The Uyésama finally said he was tired, and so put an end to the conversation. One could not but pity him, so changed as he was from the proud, handsome man of last May. Now he looked thin and worn, and his voice had a sad tone. He said he would see the ministers again in order to consult with them. The commissioners for Foreign Affairs gave us a paper announcing Keiki's resignation of the office of Shôgun, and the change of his title back to Uyésama.

It turned out that what Koba wanted was to ask whether I could tell him what the Uyésama's plans were; was he returning to Yedo in order to gather his forces together, or remaining at Ozaka with the intention of undertaking a "ruffianly" expedition to the capital. I sent back a reply by Itô that I knew nothing of Keiki's intended movements. To suppose that I would supply information on such points showed great simplicity.

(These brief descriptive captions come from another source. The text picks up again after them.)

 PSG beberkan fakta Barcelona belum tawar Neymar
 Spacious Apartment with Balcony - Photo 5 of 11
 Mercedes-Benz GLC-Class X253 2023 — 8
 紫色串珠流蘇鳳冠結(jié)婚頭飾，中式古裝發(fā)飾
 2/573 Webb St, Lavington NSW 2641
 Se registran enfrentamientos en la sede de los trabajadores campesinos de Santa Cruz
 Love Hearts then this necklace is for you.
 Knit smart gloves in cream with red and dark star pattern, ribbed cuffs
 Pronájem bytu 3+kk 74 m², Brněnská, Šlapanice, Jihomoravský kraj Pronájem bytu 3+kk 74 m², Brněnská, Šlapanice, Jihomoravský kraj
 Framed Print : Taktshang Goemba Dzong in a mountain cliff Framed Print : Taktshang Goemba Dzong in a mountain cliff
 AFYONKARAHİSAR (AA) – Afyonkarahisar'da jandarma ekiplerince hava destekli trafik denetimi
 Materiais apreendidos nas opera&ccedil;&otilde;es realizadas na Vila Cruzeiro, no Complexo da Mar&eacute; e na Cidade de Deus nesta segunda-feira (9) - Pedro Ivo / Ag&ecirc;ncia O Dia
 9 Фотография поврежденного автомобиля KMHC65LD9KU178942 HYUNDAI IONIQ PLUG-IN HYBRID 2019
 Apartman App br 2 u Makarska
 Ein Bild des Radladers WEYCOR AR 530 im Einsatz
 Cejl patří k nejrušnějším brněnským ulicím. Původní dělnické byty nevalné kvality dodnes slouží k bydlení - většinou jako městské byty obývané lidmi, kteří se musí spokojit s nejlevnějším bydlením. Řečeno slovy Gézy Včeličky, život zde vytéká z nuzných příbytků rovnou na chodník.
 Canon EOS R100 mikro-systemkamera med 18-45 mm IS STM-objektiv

The diplomatic body being intent on the observation of neutrality between the contending parties, held a meeting on the morning of January 9 at the Prussian Legation to frame a declaration, and a request to be informed where the government was being carried on. The French Minister did his best to make the former a declaration of non-partizanship with the daimiôs. Shiwoda his interpreter and I had to translate it into Japanese, which we did separately. His version was very literal, and he rendered "divers partis" by a term which could only be applied to conspirators. I also wished the translation to be in free Japanese, not adhering slavishly to the wording of the original, and we had a quarrel over this point. After Shiwoda left me, Ishikawa came in, to whom I showed my version, in order that whatever were the result, no doubt should be possible as to the attitude of the British Legation. Up to a late hour at night nothing was settled, except that the interview with the Uyésama, which was to have been immediate, was put off. On the following morning, after the two translations had been compared, the chief suggested an alteration in the French original which removed the cause of dispute. Then Locock and I went round to the other ministers and got them to accept my translation. While we were at the French Legation Hirayama and Kawakatsu came in, and they took the paper away with them to prepare the Uyésama's reply. A difference had arisen between Roches and Sir Harry as to relative precedence. The former was only minister plenipotentiary, while our chief was envoy extraordinary and minister plenipotentiary. According to all rules he was senior, but the other ministers held that Roches, having arrived first in Japan, had precedence. This decision did away with Sir Harry's claim to be doyen, and his reason for asserting a right to have audience before any of his colleagues. The latter pretension was, of course, one that could in no circumstances be upheld.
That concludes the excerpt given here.